The Goodyear Polyglas tire was a bias-belted tire announced in 1967 by Goodyear. "Polyglas" was a registered trademark. The tire combined the characteristics of bias-ply and radial-ply tires. They had a wider tread than most other tires on the market at the time and used belts made of fiberglass.

Design
Conventional tires up to that time featured a bias or cross ply construction with body cords extending diagonally from bead to bead. The Polyglas tires had bias construction that added stabilizing circumference belts directly beneath the tread. Goodyear promoted the design as having less tread "squirm" as the tire rolls on the road surface because of the additional fiberglass belts. This feature increased the mileage and improved road holding performance. The tires featured a wide footprint.

Application
The tires initially were an original equipment on late 1960s muscle cars such as the Pontiac GTO, Dodge Charger R/T, Ford Mustang Mach I, Chevrolet Camaro Z-28, and many others along with comparable tires from various competitors such as the Firestone Wide-Oval, Uniroyal's Tiger Paw, and BF Goodrich's Radial T/A. Goodyear and comparable bias-belted tires began appearing as standard or optional equipment on most 1969-model passenger cars and nearly all 1970 to 1974 models. 
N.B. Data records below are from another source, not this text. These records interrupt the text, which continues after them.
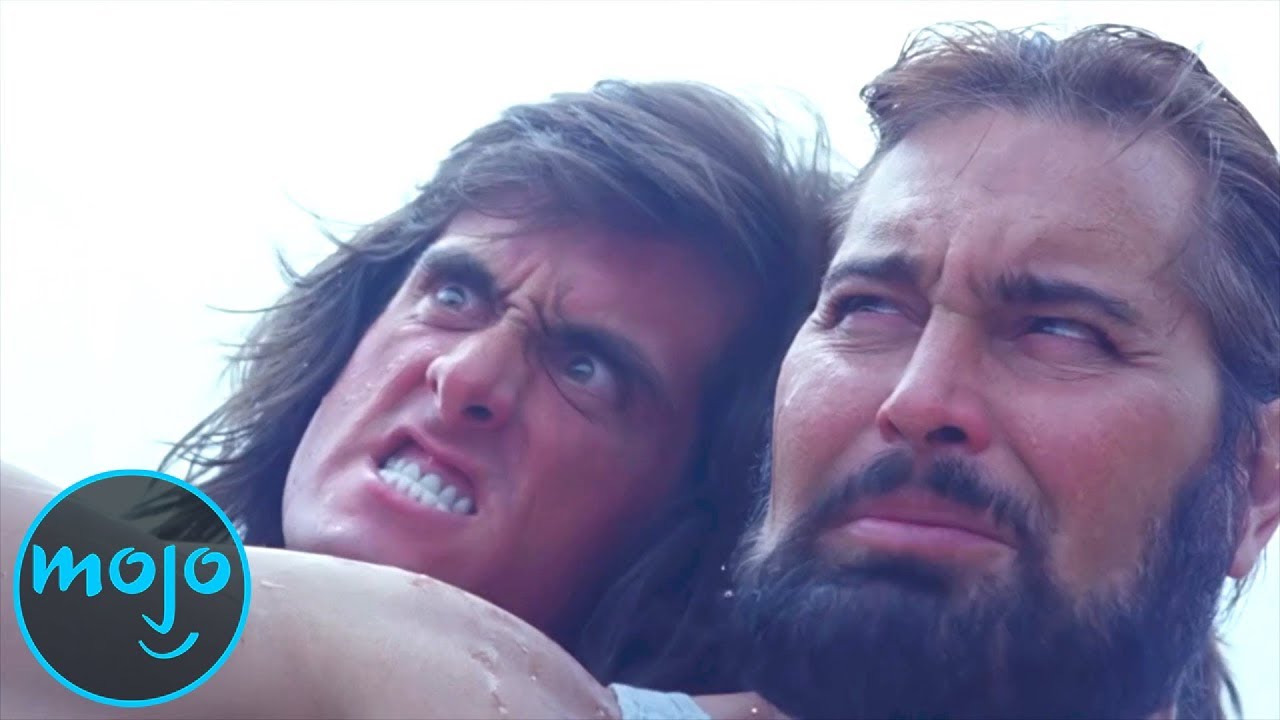 Another Top 10 Movies So Bad They&rsquo;re Good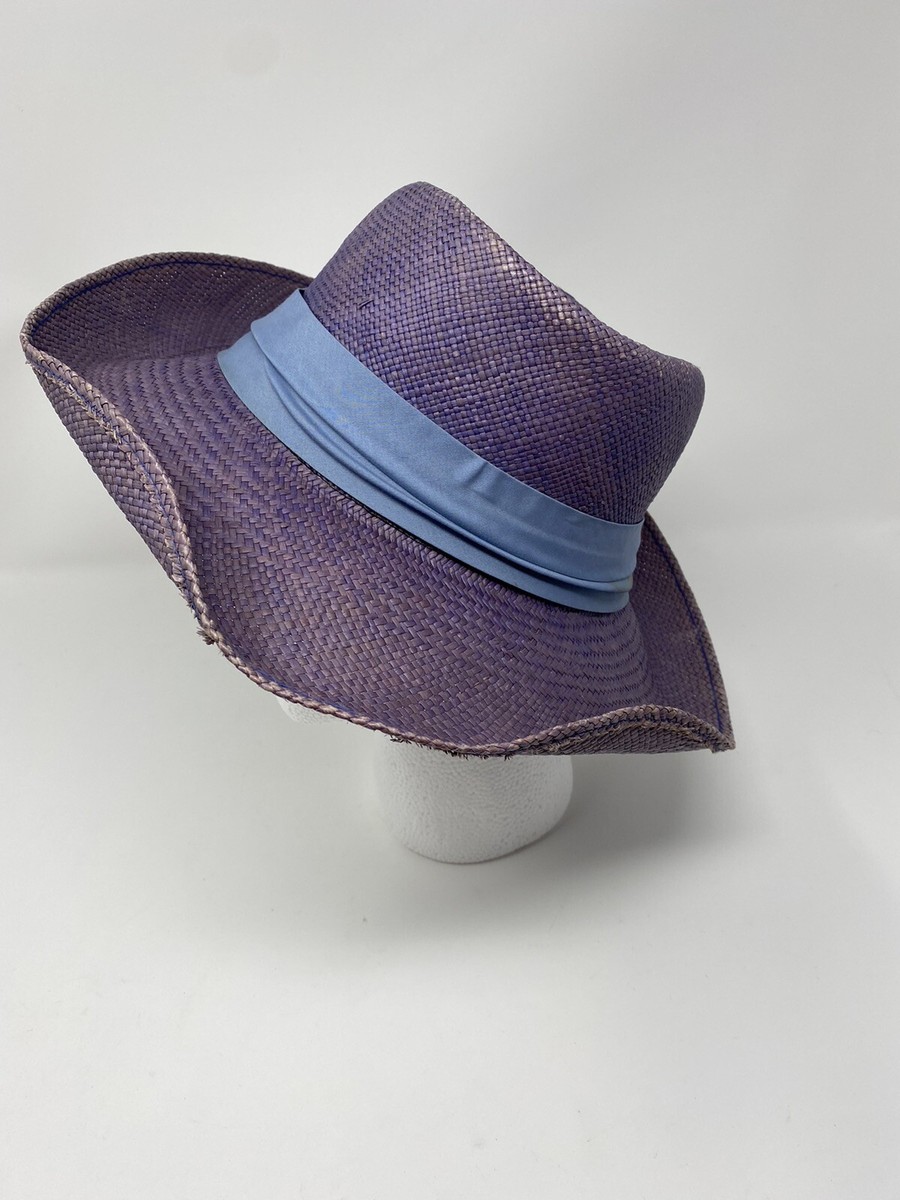 Fiesta Premium Straw Hats: the Phoenix The Phoenix Hat – The Native Hat Co main image 2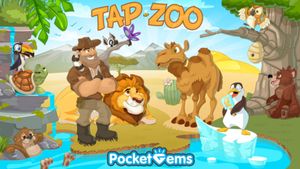 Tap Zoo screenshot 1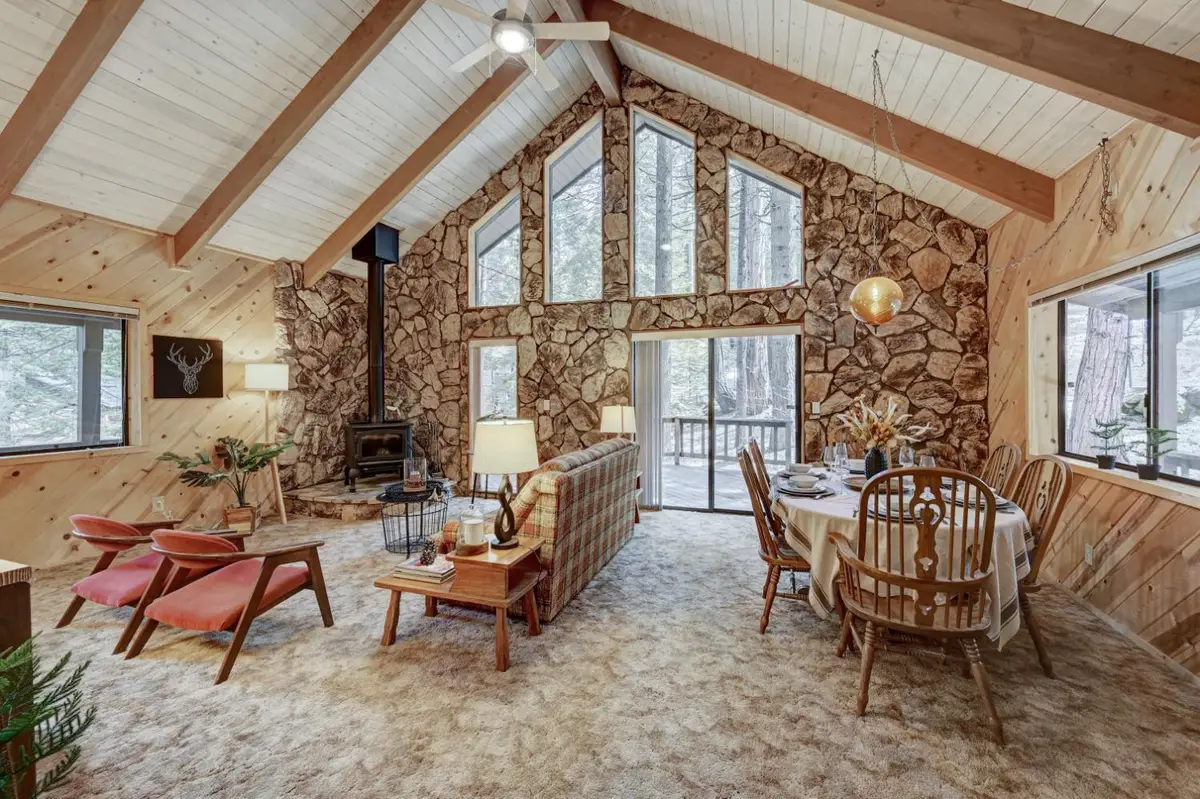 4571 Jibway Drive, Camp Connell, CA 95223 - Image #1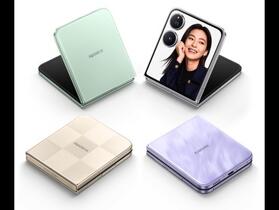 傳小米 Mix Flip 3、Civi 6 兩款機型遭到停更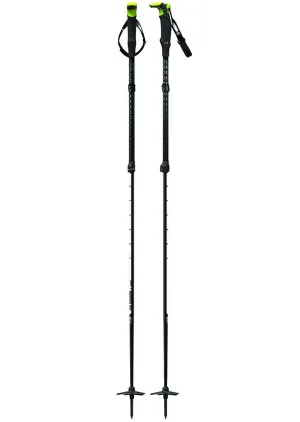 G3 Via Carbon Ski Poles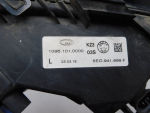 Фара противотуманная левая для Skoda Octavia III (A7) 2013-2020, OEM 5E0941699F - вид 3 (фото)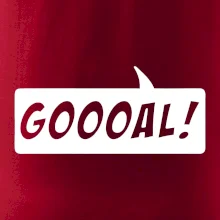 Goooal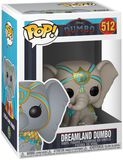 Dreamland Dumbo Vinyl Figure 512, Dumbo, Funko Pop!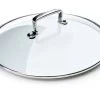 Le Creuset Pannendeksel Les Forgées TNS - ø 18 Cm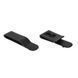 Нож из нержавеющей стали MORAKNIV BUSHCRAFT SRT BLACK NZ-BBS-SS-01 M1255551039 фото 6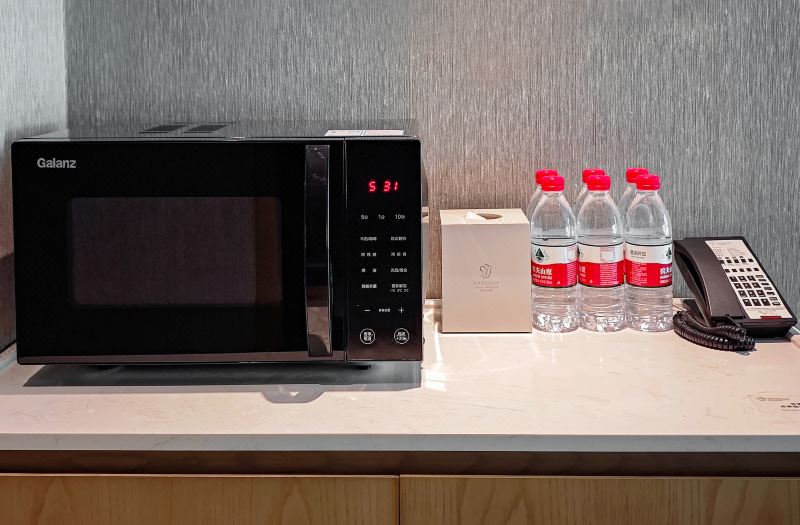 Rosedale Hotel Shenzhen photo 5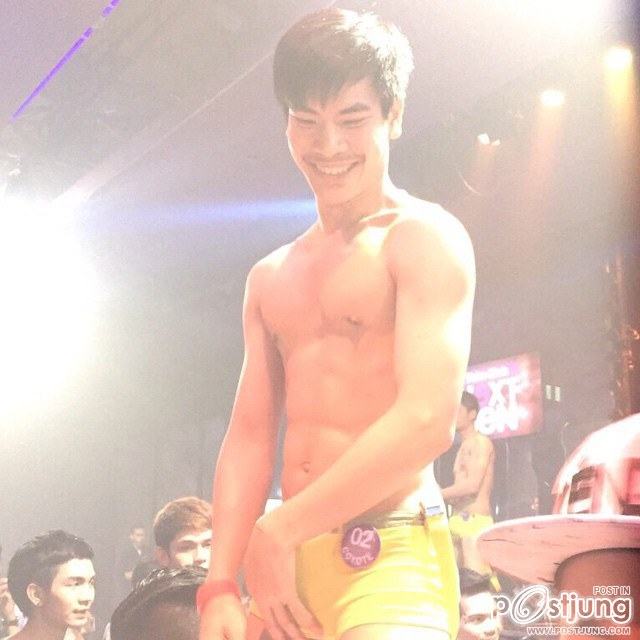 เที่ยวกลางคืนกัน @Fake Club The Next Generation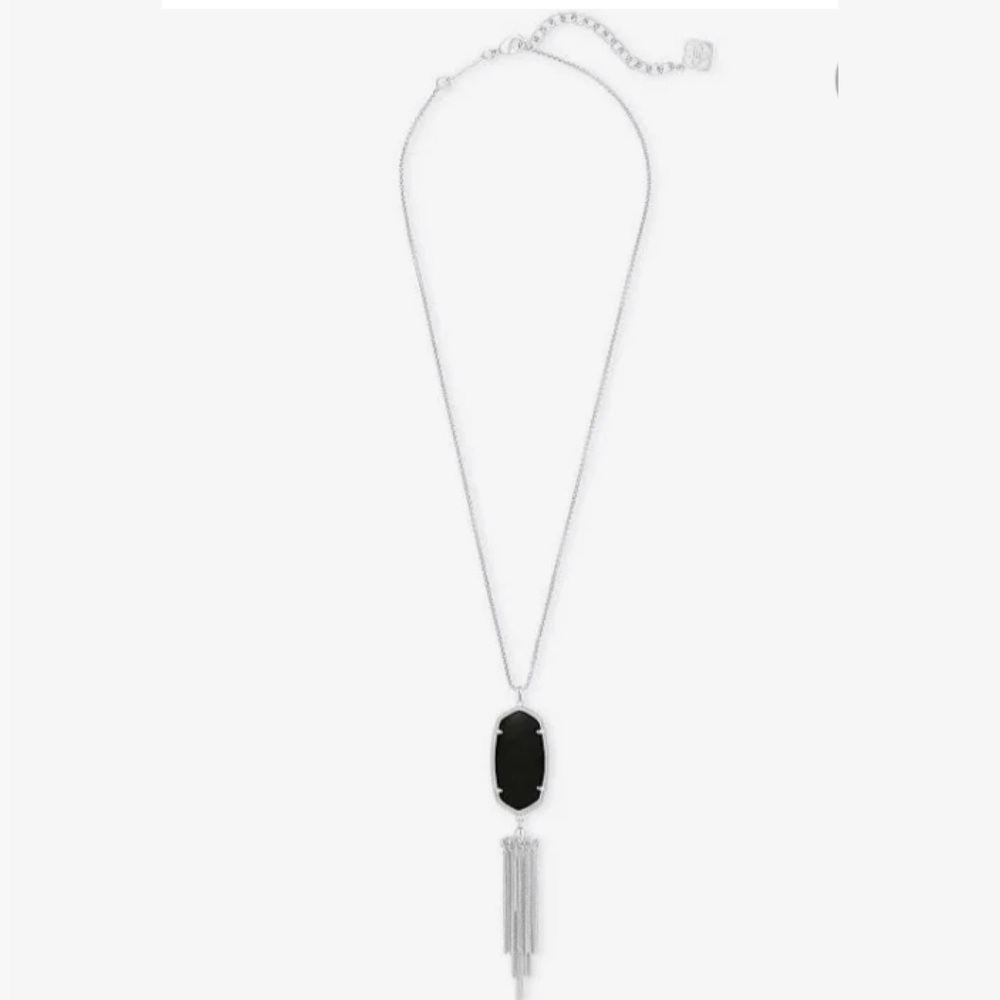 Kendra Scott Rayne Necklace like new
The most common version of the Polyglas found on muscle cars of that era was the Polyglas GT, which was one of the first commercially available raised white lettered tires on the market. Other versions of the Polyglas lineup were offered as blackwall, redline, whitewall, and snow treaded tires. For driving in winter, Polyglass Pathfinder line of tires were available in special versions for the steering front and rear driving axles along with optional "Safety Spikes" (studs).

Advertising
The tires were marketed for their longer life as well as in situations where better tires are needed to compensate for the driver and difficult conditions.

Successors
The Polyglas tire and its competitors were soon replaced by steel belted radials as original equipment tires around 1975. Goodyear Polyglas tires are now manufactured for owners of period cars. Many of these tires feature the distinctive "redlines" that were popular on high performance cars at the time.